• [Supplied entries]:

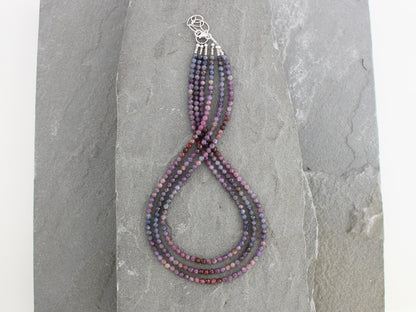 Multistrand Purple Sapphire and Ruby Necklace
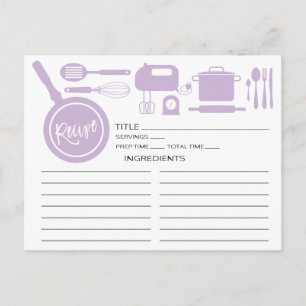 Tarjeta de receta de utensilios de cocina de lavan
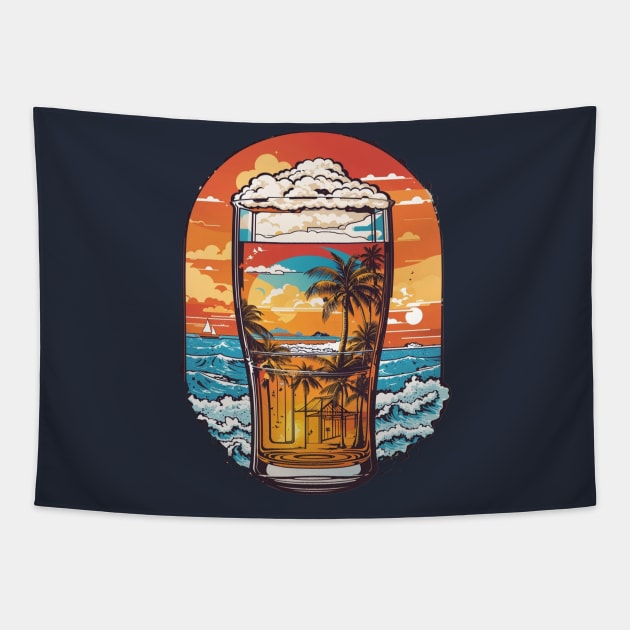Beer and Beach Lover Tapestry by adcastaway
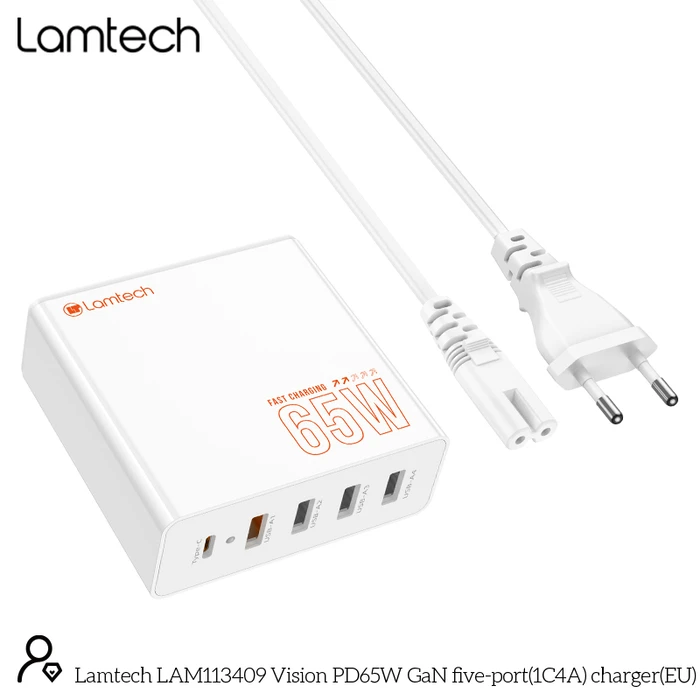 Φορτιστής Πρίζας Lamtech GAN FAST CHARGER 1xType-C & 4xQC3.0 65W & EU CABLE 1.5M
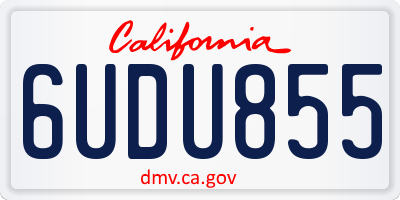 CA license plate 6UDU855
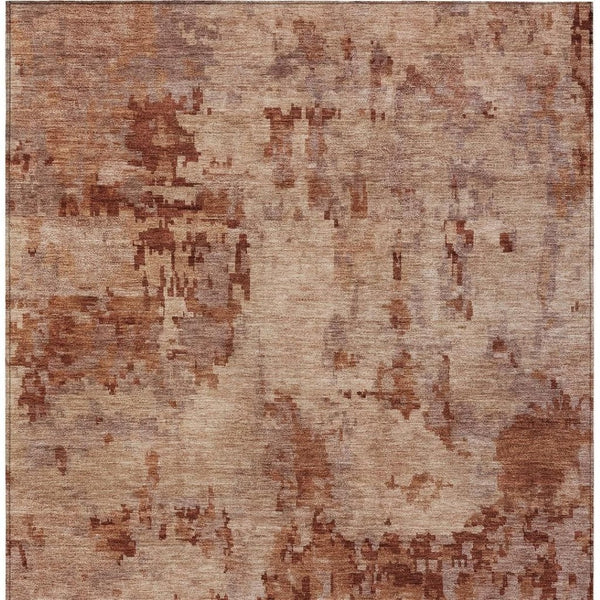 HomeRoots 5' X 8' Copper and Coral Abstract Area Rug - Durable, Washable, Stylish for Indoor & Outdoor Use 688820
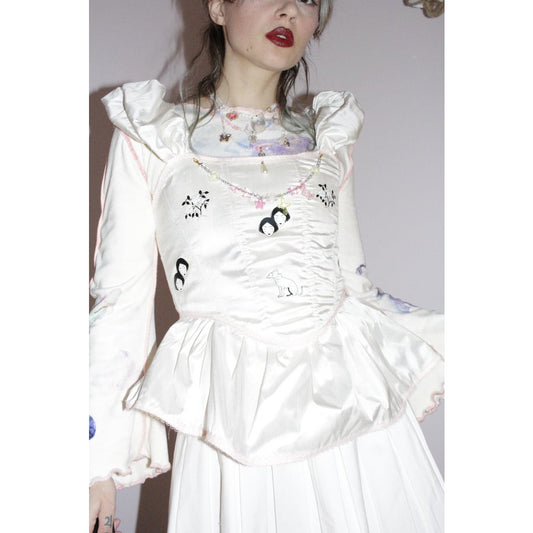 angelic cream wild silk corset babydoll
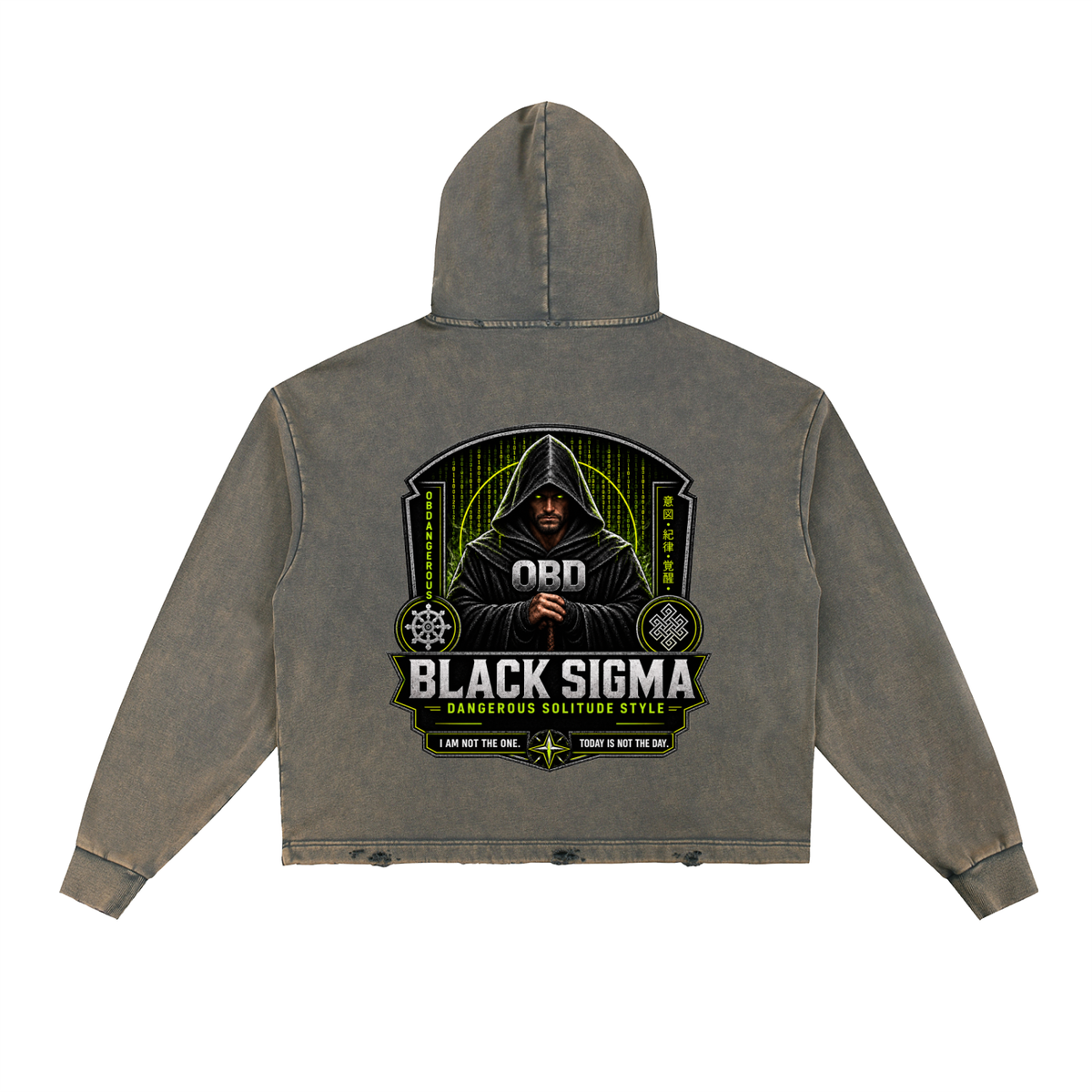 Black Sigma Vintage Washed Frayed-Hem Hoodie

• [To do]: Omit the pictures; restate every entry word for word.

• [Response to the exercise]:
 Multistrand Purple Sapphire and Ruby Necklace
 Tarjeta de receta de utensilios de cocina de lavan
Beer and Beach Lover Tapestry by adcastaway
 Φορτιστής Πρίζας Lamtech GAN FAST CHARGER 1xType-C & 4xQC3.0 65W & EU CABLE 1.5M
 CA license plate 6UDU855
 HomeRoots 5' X 8' Copper and Coral Abstract Area Rug - Durable, Washable, Stylish for Indoor & Outdoor Use 688820
 angelic cream wild silk corset babydoll
 Black Sigma Vintage Washed Frayed-Hem Hoodie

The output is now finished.